Jackson, who is 64, retired from her job as a receptionist two years ago in part so she could take care of one of her grandchildren. Her husband, who is 83, is retired from his career as a graphic designer but still works part-time delivering office supplies. They also have retirement savings, but health care costs and other setbacks have made it harder for them to get by.
The couple, who live in Green Lane, Pa., have stopped buying birthday and anniversary gifts for their kids, and also cut back significantly on what the kids will get for the holidays. For the first time, Jackson also asked her son to host an annual Christmas party for about 24 family members that she traditionally gives.
Still, Jackson said she drew the line at not giving the grandchildren presents.
“I just could not bear to not give them something,” she said.
Goyer, of the AARP, said her research has shown that some grandparents did cut back on spending for their grandchildren as a result of the weak economy. That may mean that some are buying fewer or more practical gifts for their grandchildren, she said.

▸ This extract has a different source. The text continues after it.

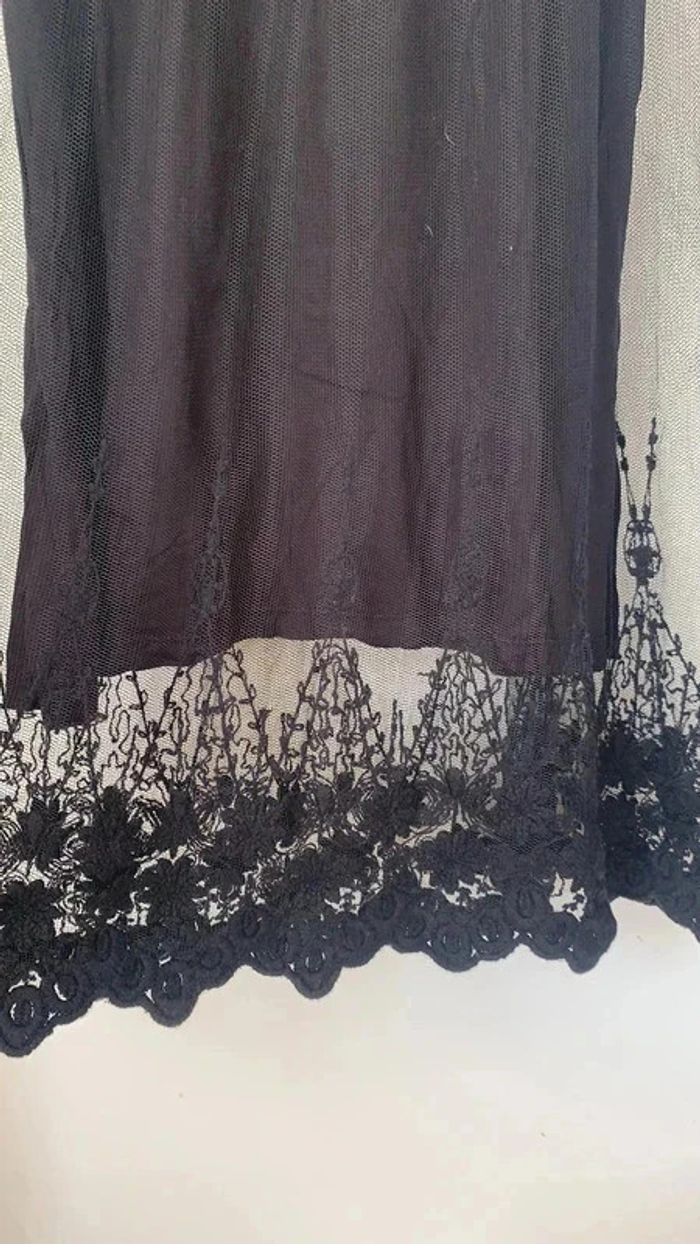 Robe brodée noire Promod - photo numéro 3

But Goyer said her research also has shown that grandparents continue to find it extremely important to be able to provide practical support for their grandchildren, such as a new coat or money for karate lessons.
“Even when grandparents felt like it was causing a little bit of hardship for them, this is not an area they want to cut back on,” Goyer said.
When Leslie Davis and her husband were in a better financial situation, Davis said she reveled in splurging on her four grandchildren, who are between the ages of 5 and 15.
“I loved to get them a lot of things to put under the tree at Christmas, because it was just so much darn fun to watch them when they were little, opening the gifts and enjoying them,” said Davis, who lives in Mesa, Ariz.
Davis, 62, said her philosophy of delighting her grandchildren hasn’t changed as the grandchildren have gotten older and her salary has fallen because of job changes. But Davis, who is a technical writer, said she can’t afford to go all out like she used to, especially now that the three older ones are 11, 13 and 15.
“As they get older they’re a little bit harder to buy for, and sometimes you just can’t always get them what they want,” she said. “I’m not in a position to go out and buy iPads for them all, or anything like that.”
This year, she’s trying to stick to a much stricter budget and focus on one meaningful gift instead of tons of presents under the tree. She’s also focusing on other family traditions they have around the holidays, such as baking cookies with her grandkids and her annual Christmas party.
In the past, Davis said she’s also enjoyed being able to help out with necessities or things like school supplies when her children or grandchildren needed it. What she definitely doesn’t want is for the younger generations to end up having to help support her.
“I don’t expect my kids to have to take care of me and my husband,” she said.
Goyer said grandparents’ devotion to helping out with expenses for the grandkids partly reflects a change in the way older Americans think about their legacy.
Instead of placing a lot of importance on leaving a big inheritance for future generations, she said many grandparents want to be the person in the family that people can turn to now – whether it’s to help out with college tuition or get that must-have holiday gift.
“They are that safety net. They value that role,” she said, even when it requires financial sacrifices.
Francese, the demographer, said that’s been especially true in recent years, as many older Americans have watched their children suffer through job losses and other setbacks because of the weak economy. He said he’s heard more than one story of grandparents continuing to work full time when they might have retired so they can help out with basic expenses like strollers, cribs and child care.
“You can’t meet a grandparent who will not make huge sacrifices for their grandchild,” he said.